The most important thing you need to know is that Google will treat all pages inside the pagination that have rel=”next” and rel=”prev” implemented as one unit in regards to link attribution. This means you no longer need to worry about dispersing your internal link juice to paginated pages or external link juice that’s coming into these pages. They will treat them as a whole and collect link juice from all of them, while shoving the most relevant page in the search result (most often the 1st page of the paginated unit).
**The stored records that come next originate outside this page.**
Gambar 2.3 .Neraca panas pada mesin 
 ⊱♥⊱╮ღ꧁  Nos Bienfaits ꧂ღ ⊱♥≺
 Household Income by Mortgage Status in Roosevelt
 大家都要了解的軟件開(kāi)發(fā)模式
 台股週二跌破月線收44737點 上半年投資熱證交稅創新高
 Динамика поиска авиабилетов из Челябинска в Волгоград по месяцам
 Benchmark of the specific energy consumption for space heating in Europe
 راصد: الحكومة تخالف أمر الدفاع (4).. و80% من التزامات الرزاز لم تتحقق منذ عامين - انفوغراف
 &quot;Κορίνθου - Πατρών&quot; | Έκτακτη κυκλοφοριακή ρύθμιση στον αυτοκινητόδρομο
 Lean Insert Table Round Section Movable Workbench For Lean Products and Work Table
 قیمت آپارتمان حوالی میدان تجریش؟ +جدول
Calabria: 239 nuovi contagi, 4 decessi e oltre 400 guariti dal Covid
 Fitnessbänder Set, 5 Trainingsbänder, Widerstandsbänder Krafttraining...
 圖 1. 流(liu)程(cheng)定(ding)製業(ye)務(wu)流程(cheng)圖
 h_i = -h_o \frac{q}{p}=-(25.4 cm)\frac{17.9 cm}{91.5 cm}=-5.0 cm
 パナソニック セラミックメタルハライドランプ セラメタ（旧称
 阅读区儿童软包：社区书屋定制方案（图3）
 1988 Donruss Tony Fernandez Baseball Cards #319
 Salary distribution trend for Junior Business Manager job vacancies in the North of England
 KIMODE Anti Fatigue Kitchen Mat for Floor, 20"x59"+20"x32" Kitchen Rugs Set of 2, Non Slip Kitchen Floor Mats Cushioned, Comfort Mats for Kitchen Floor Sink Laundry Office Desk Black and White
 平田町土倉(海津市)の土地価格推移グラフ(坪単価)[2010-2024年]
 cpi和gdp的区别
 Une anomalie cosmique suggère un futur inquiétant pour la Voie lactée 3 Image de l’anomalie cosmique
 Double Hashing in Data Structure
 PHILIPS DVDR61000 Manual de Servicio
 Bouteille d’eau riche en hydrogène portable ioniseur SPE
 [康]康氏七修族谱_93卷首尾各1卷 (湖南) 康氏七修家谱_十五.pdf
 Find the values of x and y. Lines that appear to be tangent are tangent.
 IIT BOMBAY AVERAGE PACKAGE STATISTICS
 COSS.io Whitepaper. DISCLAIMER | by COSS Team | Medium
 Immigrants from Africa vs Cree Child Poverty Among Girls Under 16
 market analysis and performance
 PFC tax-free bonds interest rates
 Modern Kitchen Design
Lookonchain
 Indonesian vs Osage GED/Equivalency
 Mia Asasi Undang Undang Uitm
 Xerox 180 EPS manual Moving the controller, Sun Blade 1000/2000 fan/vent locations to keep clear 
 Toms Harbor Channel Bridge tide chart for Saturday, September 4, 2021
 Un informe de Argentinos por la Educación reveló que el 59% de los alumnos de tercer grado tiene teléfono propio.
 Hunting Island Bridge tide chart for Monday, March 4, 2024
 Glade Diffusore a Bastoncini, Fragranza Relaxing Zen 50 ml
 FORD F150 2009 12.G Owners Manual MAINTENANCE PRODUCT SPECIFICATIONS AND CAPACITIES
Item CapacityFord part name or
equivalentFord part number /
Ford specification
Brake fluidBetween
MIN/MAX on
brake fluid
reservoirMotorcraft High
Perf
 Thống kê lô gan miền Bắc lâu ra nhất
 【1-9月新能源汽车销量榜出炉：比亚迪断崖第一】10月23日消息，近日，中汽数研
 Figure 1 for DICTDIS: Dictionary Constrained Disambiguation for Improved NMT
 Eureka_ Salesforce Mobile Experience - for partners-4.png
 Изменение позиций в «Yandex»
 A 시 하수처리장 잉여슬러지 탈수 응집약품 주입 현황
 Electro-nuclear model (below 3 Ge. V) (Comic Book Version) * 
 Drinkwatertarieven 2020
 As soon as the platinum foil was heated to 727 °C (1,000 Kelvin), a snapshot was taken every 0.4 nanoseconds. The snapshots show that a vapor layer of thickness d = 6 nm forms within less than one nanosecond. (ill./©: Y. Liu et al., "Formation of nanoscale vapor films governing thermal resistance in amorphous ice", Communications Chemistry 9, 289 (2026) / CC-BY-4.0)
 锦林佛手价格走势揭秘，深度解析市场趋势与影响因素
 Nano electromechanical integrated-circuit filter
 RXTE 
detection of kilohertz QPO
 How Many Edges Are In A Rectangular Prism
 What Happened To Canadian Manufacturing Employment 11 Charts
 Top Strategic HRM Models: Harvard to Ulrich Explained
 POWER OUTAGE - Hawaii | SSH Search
I’m actually very impressed by this solution, since the best thing we could do so far was implement a rel=”canonical” which is really applicable in some rare cases I described here, but not in most of the pagination problems (since content of the page 2 is often completely different than the content of the page 1 etc.).
The technical implementation of rel=”prev” and rel=”next” is very similar to the way you implement rel=”canonical”:
It is placed in the head in this form:
<link rel="next" href="http://www.example.com/article?story=abc&page=2"/>
<link rel="prev" href="http://www.example.com/article?story=abc&page=1"/>
The first page, obviously, should not have a rel=”prev”.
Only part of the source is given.